A Sri Lankan national was charged for illegal fishing in the Seychelles' waters by the Supreme Court on Thursday.
Koswatta Thamel - who was in charge of the vessel - appeared in court with five other crew members of the Sri Lankan-flagged boat 'Nuwan Putha 14, IMULAN 0831 KLT'. The five crew members were released.
Justice Ronny Govinden, who is presiding over the case, said that "given that he has no fixed place of abode in Seychelles and that he poses a flight risk and that the offence is very serious, I will remand him in custody for 14 days."
The Seychelles Coast Guard patrol ship 'Topaz' intercepted the Sri Lankan vessel during a routine patrol.
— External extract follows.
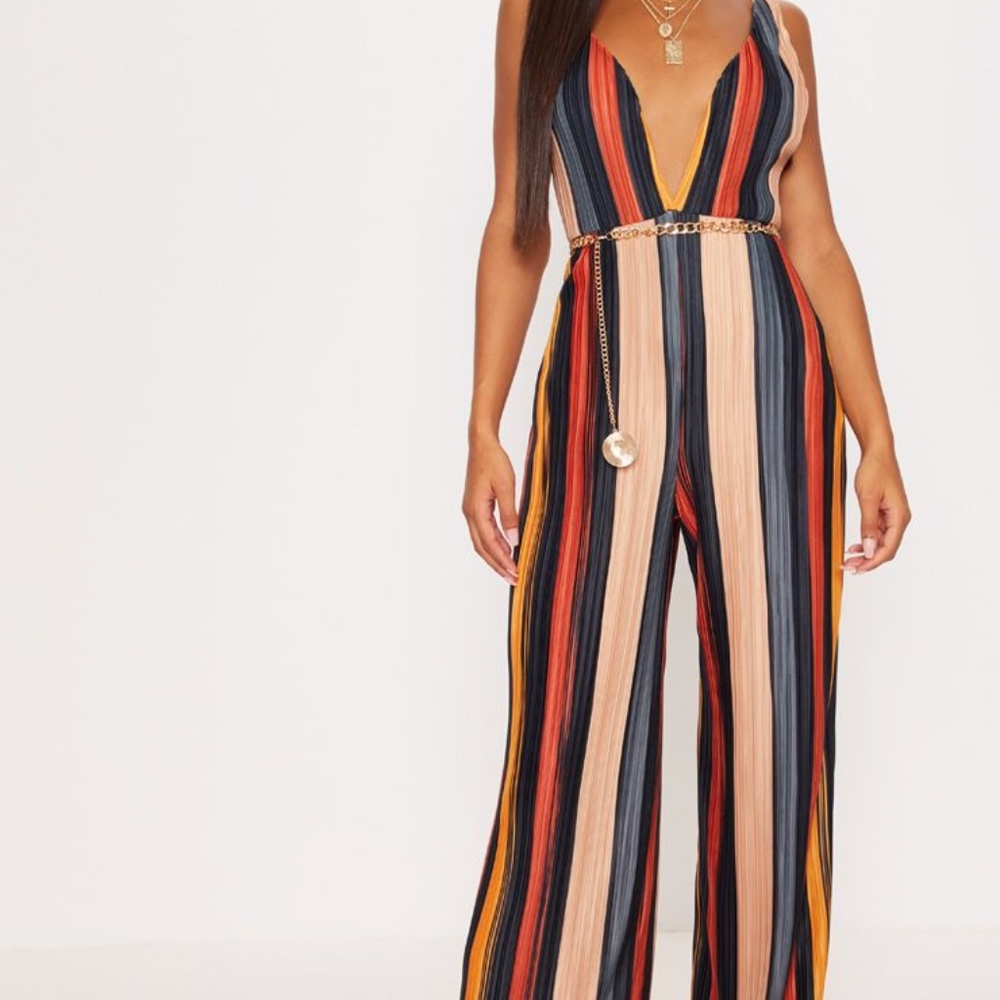 MULTI STRIPED PLISSE JUMPSUIT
The vessel was first spotted by a local fishing vessel of the southeast of Mahe, the main island, on February 28. The local fishing vessel alerted the relevant authorities.
According to the Seychelles People's Defence Forces, the Coast Guard board team was subsequently sent on board the suspected vessel to conduct an inspection, during which evidence relating to illegal fishing was observed.
The Seychelles Supreme Court has ordered that the equipment, gears, furniture, appurtenance, stores, log book record, documents and equipment and computer and any other electronic device found therein to be detained.
Govinden said that the Sri Lankan vessel "is not to leave port and nobody has to have access to it otherwise than the Seychelles Fisheries Authorities personals and the Seychelles Police, except upon further orders of this Court."
There have been several incidents of Sri Lankan-flagged vessels fishing in the Seychelles' waters since May last year.
Last Friday, the Supreme Court sentenced the captain of a Sri Lankan fishing vessel $14,600 (SCR200,000) for illegal fishing in the Seychelles' waters. The Sri Lankan national, Kaluharath Keerthirathan, pleaded guilty to the charge of fishing without a foreign licence on November 5, 2018.
Seychelles, an archipelago in the western Indian Ocean, has a vast Exclusive Economic Zone of 1.4 million square kilometres, which presents a challenge when it comes to the monitoring of illegal fishing.